Determine three ways to have a total of 10 coins and = 90 cents
Method 1:
Let x be the number of nickels and y be the number of dimes.
We know that the total number of coins is 10, so we have the equation:
x + y = 10
The value of x nickels is 5x cents, and the value of y dimes is 10y cents.
We also know that the total value of the coins is $0.90, so we have the equation:
5x + 10y = 90
Simplify the first equation by subtracting x from both sides:
y = 10 - x
Now substitute this value into the second equation:
5x + 10(10 - x) = 90
5x + 100 - 10x = 90
-5x + 100 = 90
-5x = -10
x = 2
Substitute this value of x back into the first equation to solve for y:
2 + y = 10
y = 8
Therefore, Khadija has 2 nickels and 8 dimes.
Method 2:
Another way to solve this problem is to use a trial and error method.
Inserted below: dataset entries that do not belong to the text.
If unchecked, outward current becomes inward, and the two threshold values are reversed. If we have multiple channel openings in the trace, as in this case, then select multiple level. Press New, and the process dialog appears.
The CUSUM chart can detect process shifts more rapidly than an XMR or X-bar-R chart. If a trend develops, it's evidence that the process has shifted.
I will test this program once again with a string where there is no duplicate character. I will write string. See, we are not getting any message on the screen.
Since we have a total of 10 coins, we can start by assuming that we have 9 dimes and 1 nickel:
0.10 * 9 + 0.05 * 1 = 0.90
This does not add up to $0.90, so let's try with 8 dimes and 2 nickels:
0.10 * 8 + 0.05 * 2 = 0.80 + 0.10 = 0.90
This adds up correctly, so Khadija has 2 nickels and 8 dimes.
Method 3:
We can also solve this problem by using algebraic equations without substituting for one variable.
Let x be the number of nickels and y be the number of dimes.
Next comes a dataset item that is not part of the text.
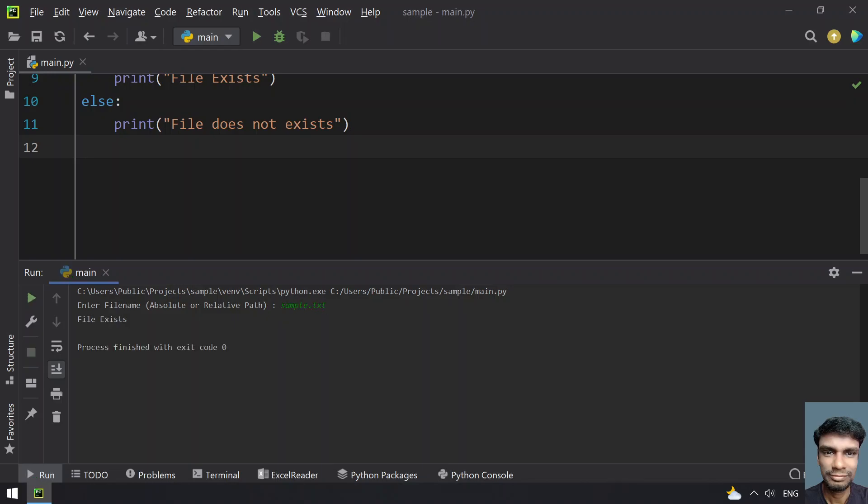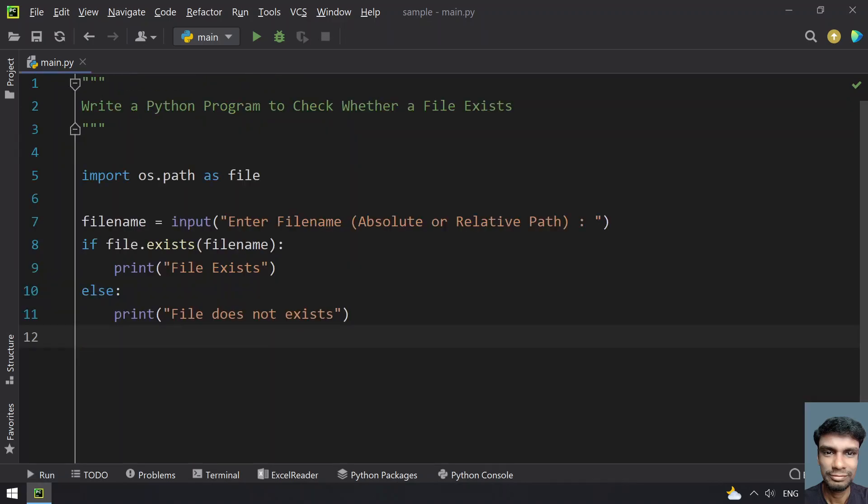This is a simple program to check whether a file exists or not using os.path. That's it in this video — hope you like this. Thank you for watching, bye bye.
We have the following equations:
x + y = 10
0.05x + 0.10y = 0.90
To eliminate decimals, we multiply the second equation by 100:
5x + 10y = 90
Now we can solve the two equations simultaneously:
x + y = 10
5x + 10y = 90
By multiplying the first equation by -5, we can eliminate the x variable:
-5(x + y) = -5 * 10
-5x - 5y = -50
Add this equation to the second equation:
-5x - 5y + 5x + 10y = -50 + 90
5y = 40
Divide both sides by 5:
y = 8
Substitute this value of y into the first equation to solve for x:
x + 8 = 10
x = 10 - 8
x = 2
Therefore, Khadija has 2 nickels and 8 dimes.